I agree with my hon. Friend Stephen Gethins that it is an absolute disgrace that, 18 months after the referendum, our highly valued EU nationals still do not know with any certainty what lies in store for them. Those well respected, hard-working, tax-paying members of our society have been treated appallingly by this Government who, despite numerous opportunities to do so, have ignored all opportunities to make a unilateral guarantee to our EU nationals that their current status will remain unaltered when the UK leaves the European Union. I repeat the appeal today: regardless of what others do, please will the Government do the right thing and guarantee to those EU citizens, who are living, working and contributing economically and socially to the well-being of this country, that their status will not change with Brexit and that they are welcome here?

Like other Members who have spoken, my mailbox has been full with letters from worried people, and my surgeries have a steady stream of people looking for some certainty.
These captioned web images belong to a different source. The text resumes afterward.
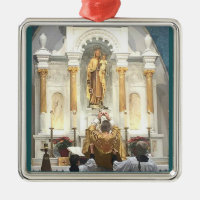 Our Lady of Mount Carmel Traditional Latin Mass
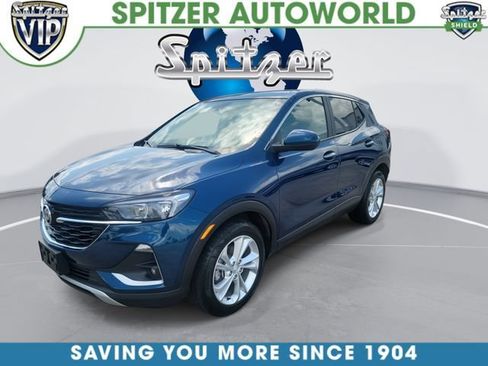 Used 2021 Buick Encore GX Preferred FWD image 4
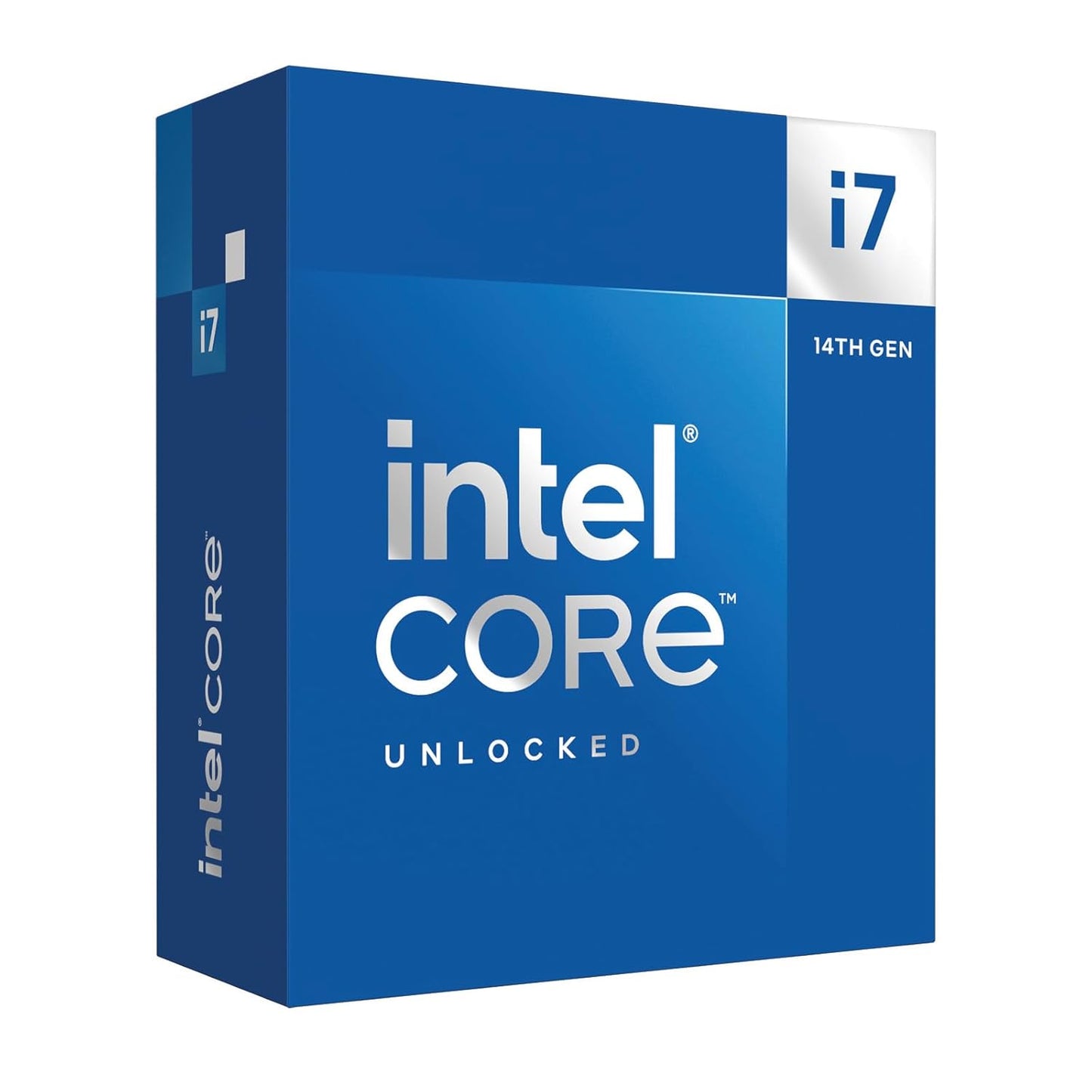 Intel Core i7-14700K 20-Core Gaming Desktop Processor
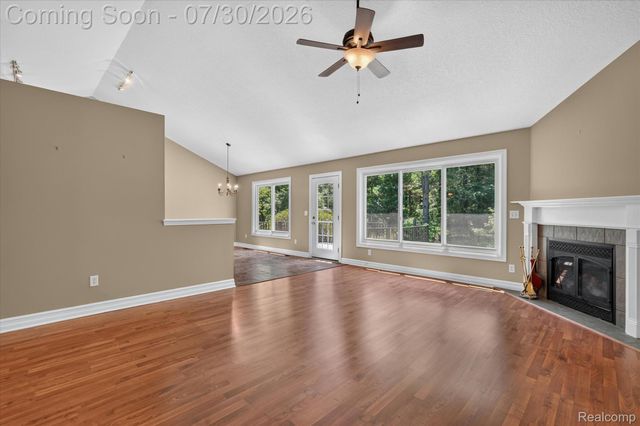 9161 Pine Walk Pass, Argentine Township, MI 48451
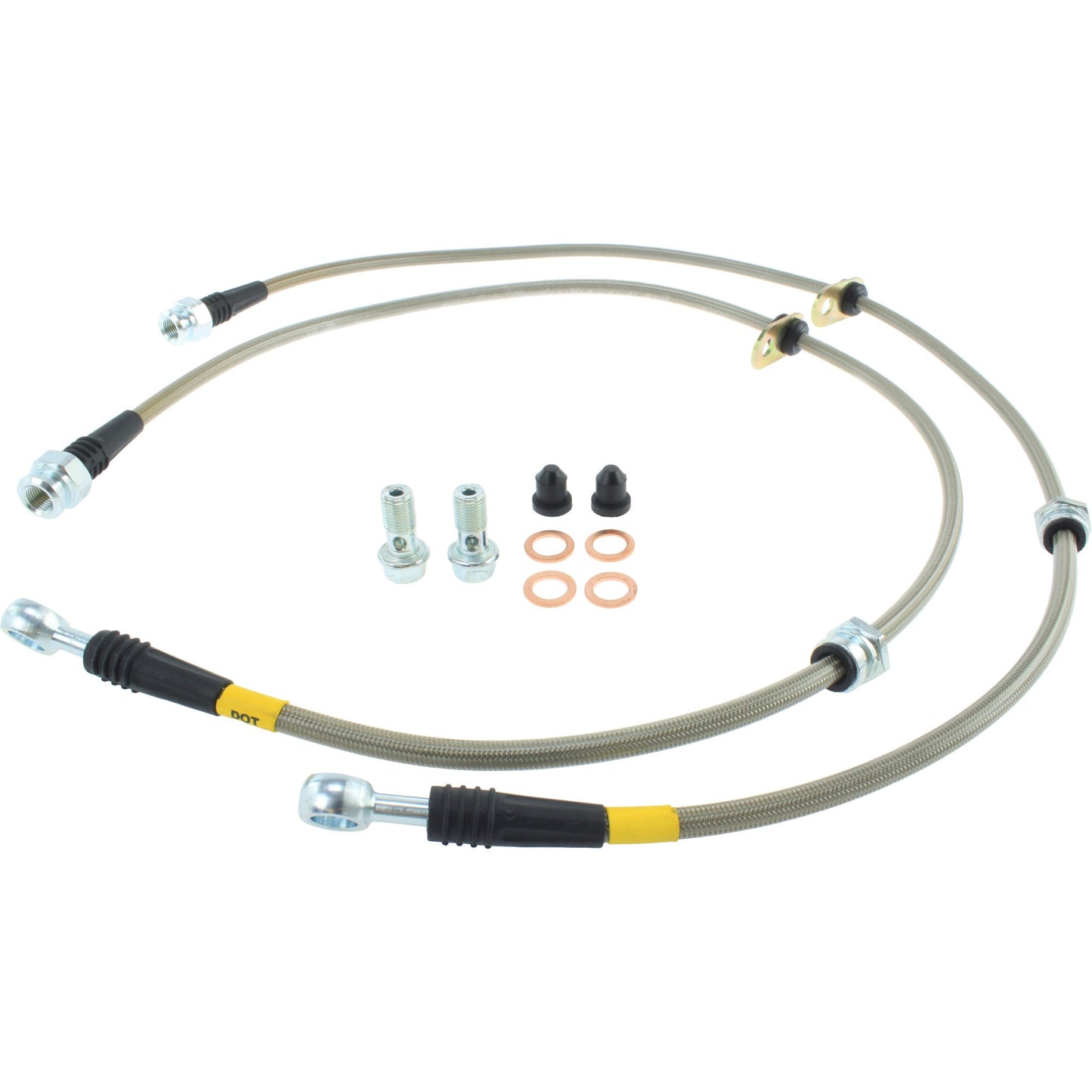 StopTech Stainless Steel Brake Line Kit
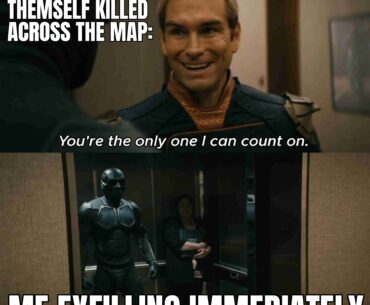 Now to recreate this scene in DMZ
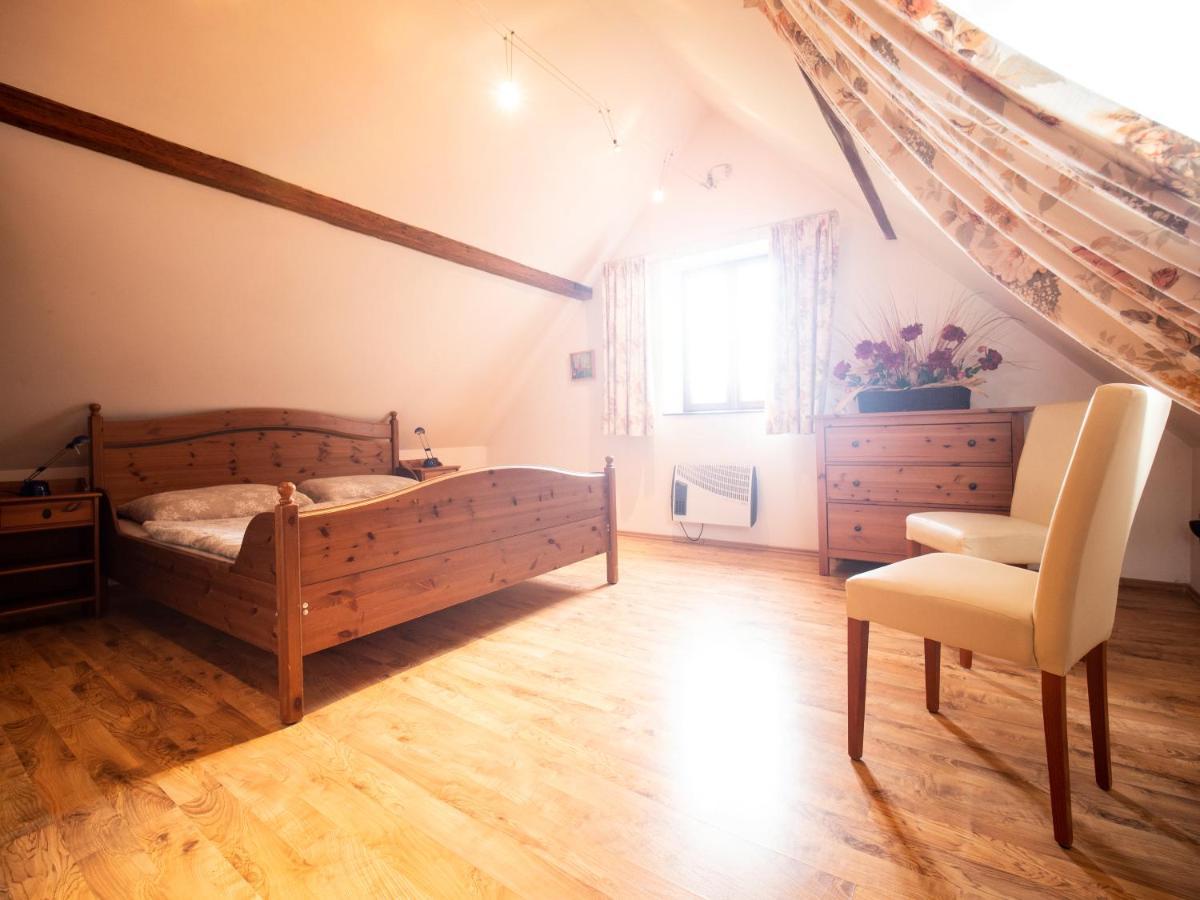 Cottage Bara Bozanov ภายนอก รูปภาพ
Let me give the Minister one example—that of Katazyna Zalewska, a Polish EU citizen who has lived in my home town of Helensburgh for the past 12 years with her young son.
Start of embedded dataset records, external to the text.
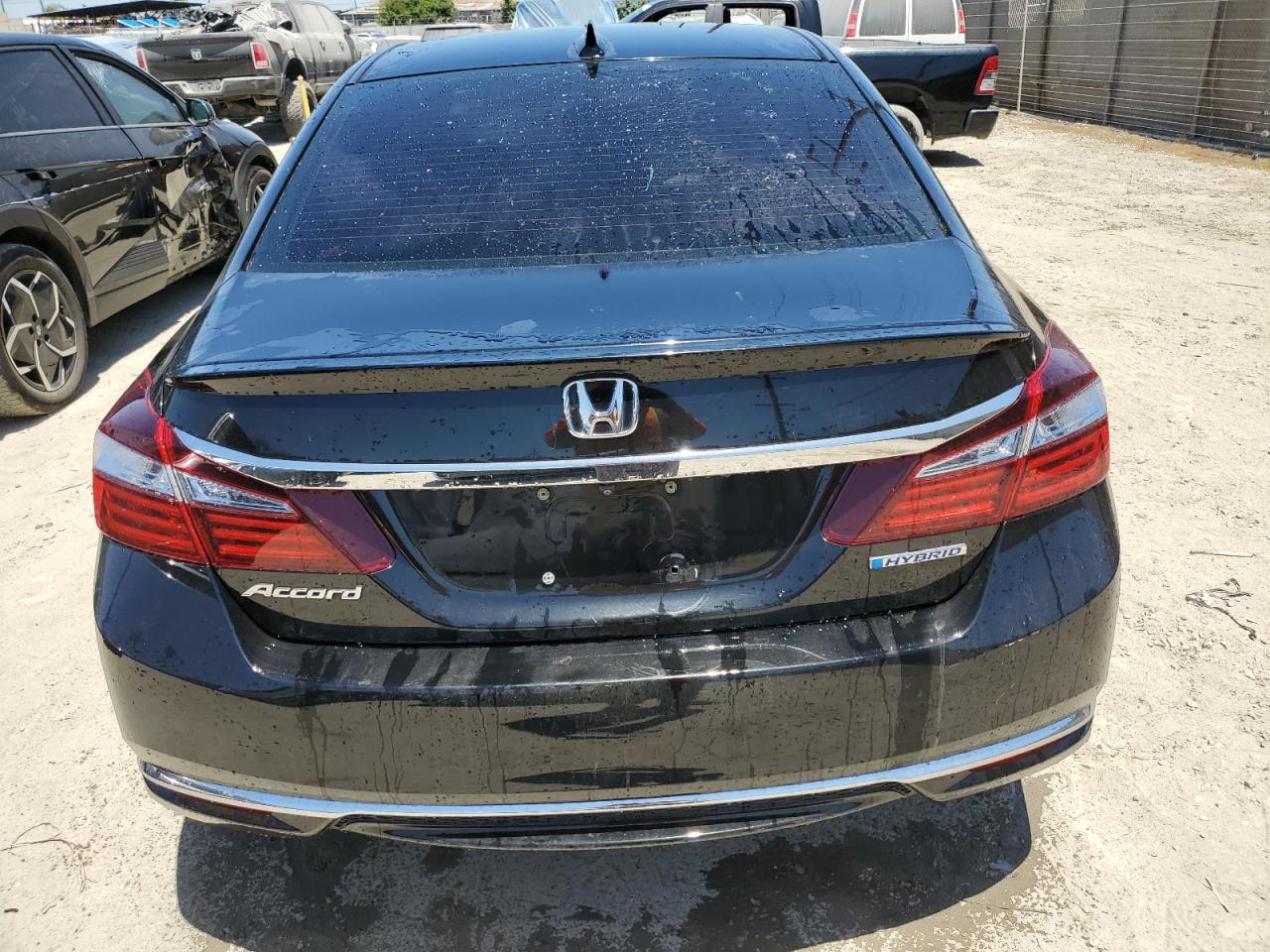 HONDA ACCORD HYBRID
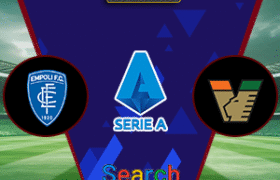 Empoli Vs Venezia 20 April 2025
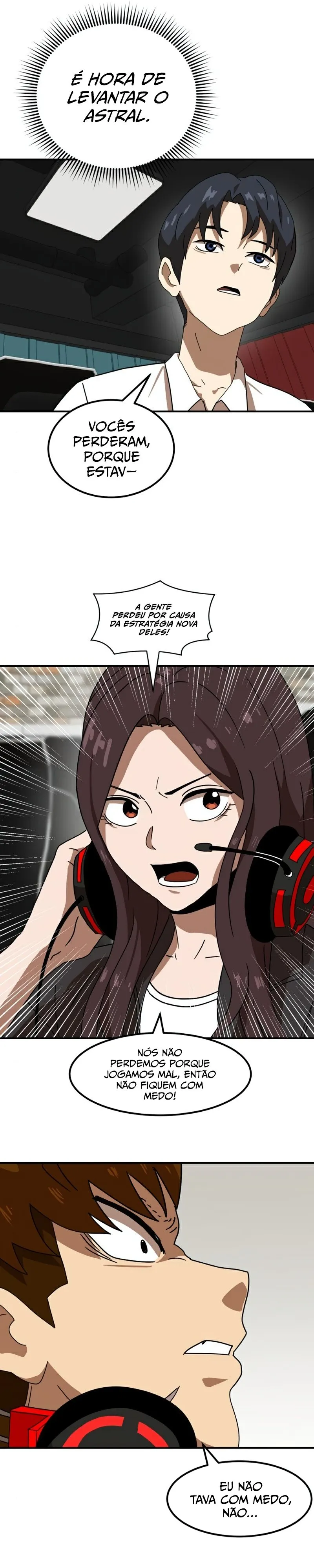 Read Double Click (PT) Manga Online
Katazyna is a highly qualified, respected and experienced multilingual social worker, working in the area of domestic violence reduction among communities in which English is not the first language. She recently applied for UK citizenship, so keen is she to stay in Scotland after Brexit. On 9 October, she received a letter from the Home Office informing her that her application had been refused on the minor technicality that she had not provided her blue residence card. UK Visas and Immigration could not be satisfied that she was a permanent resident on the date of her application for naturalisation. It said to her:

“The fact that that you have been refused is not because you do not qualify for Permanent Residence, it is because you have not provided a Permanent Residence Blue Card.”

That is patently absurd. Her blue card may have expired, it may have been lost, but she has provided references from her employers and a host of other documentary evidence. The irony is that, very shortly afterwards, we all received the updated Home Office guidelines on settled status which said that EU citizens

“will not have their applications refused on minor technicalities.”

I ask the Minister to look again at Katazyna’s case.

Looking at the wider picture, I have to ask why we are putting people through this emotional wringer. Why are we deliberately making it so difficult for people who simply want to get on with their lives?

I wholeheartedly agree with my hon. Friend the Member for North East Fife that Scotland needs a bespoke immigration policy. If the Government here cannot provide what Scotland needs, then they must devolve immigration policy to the Scottish Government. We want a policy of thanking and appreciating those from abroad who have chosen to make their home in Scotland.